EXERCISE | When you copy from the entries that follow, take only the lines from the one with "Fjallraven Kanken Backpack Frost Green EUC" down to the one with "Mobile Electric Conveyor", keeping both ends and dropping every picture.

MATERIAL PROVIDED |
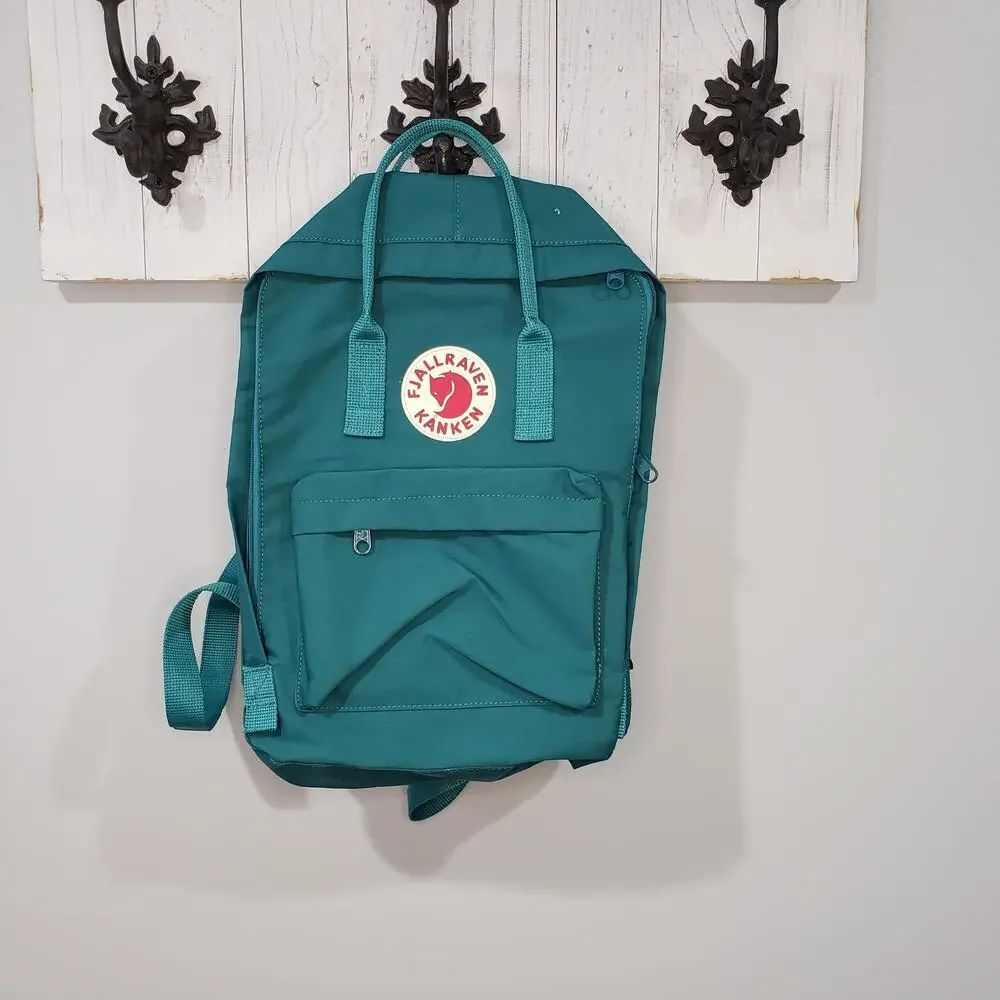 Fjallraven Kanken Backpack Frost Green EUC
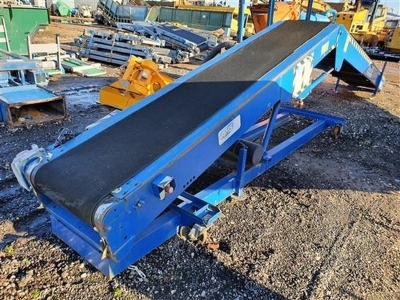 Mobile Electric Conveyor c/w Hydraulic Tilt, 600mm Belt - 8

--

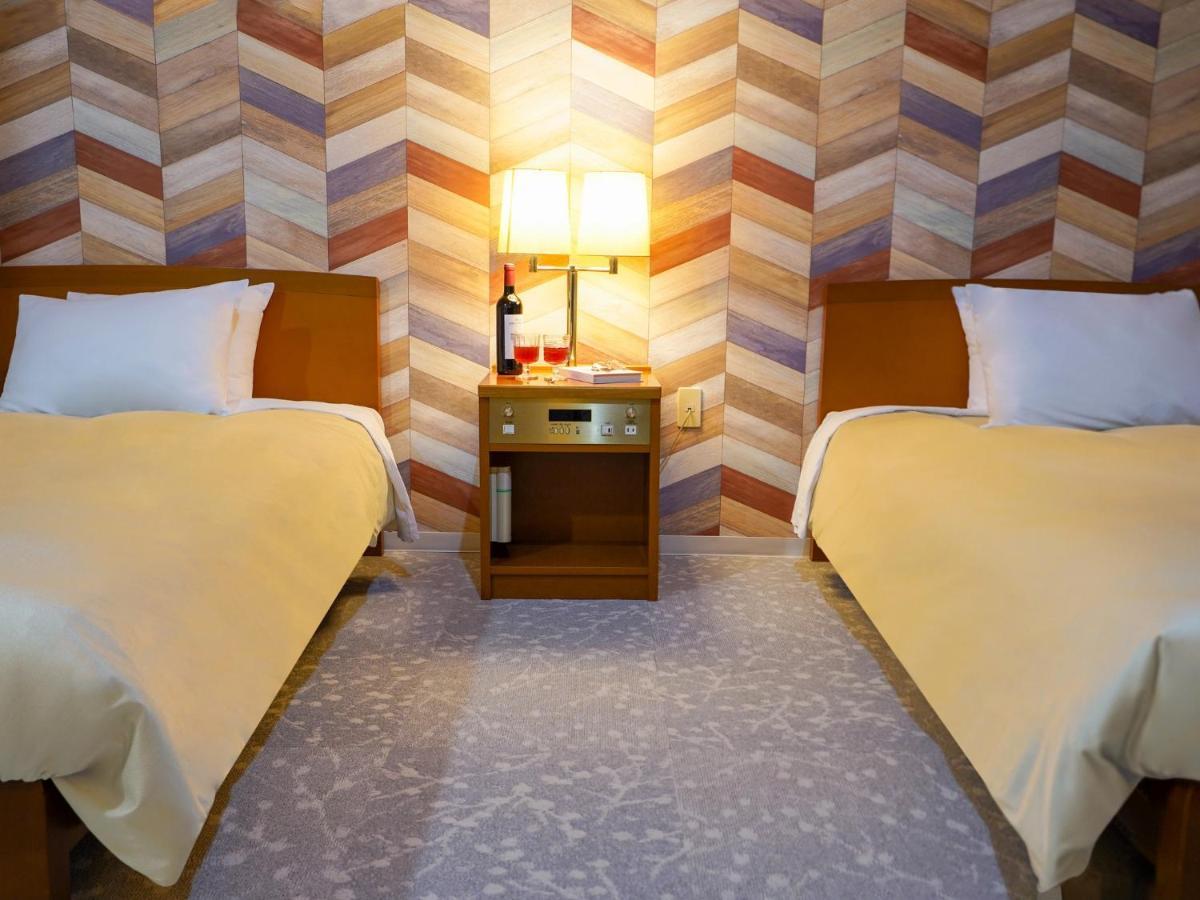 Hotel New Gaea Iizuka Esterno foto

ANSWER |
 Fjallraven Kanken Backpack Frost Green EUC
 Mobile Electric Conveyor c/w Hydraulic Tilt, 600mm Belt - 8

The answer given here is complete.